_ASSIGNMENT_
Please reproduce the full listing exactly, with nothing added.

_DATASET CONTENT_
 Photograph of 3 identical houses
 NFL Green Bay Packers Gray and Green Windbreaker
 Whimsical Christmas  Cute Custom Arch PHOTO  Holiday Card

_RESPONSE AREA_
 Photograph of 3 identical houses
 NFL Green Bay Packers Gray and Green Windbreaker
 Whimsical Christmas  Cute Custom Arch PHOTO  Holiday Card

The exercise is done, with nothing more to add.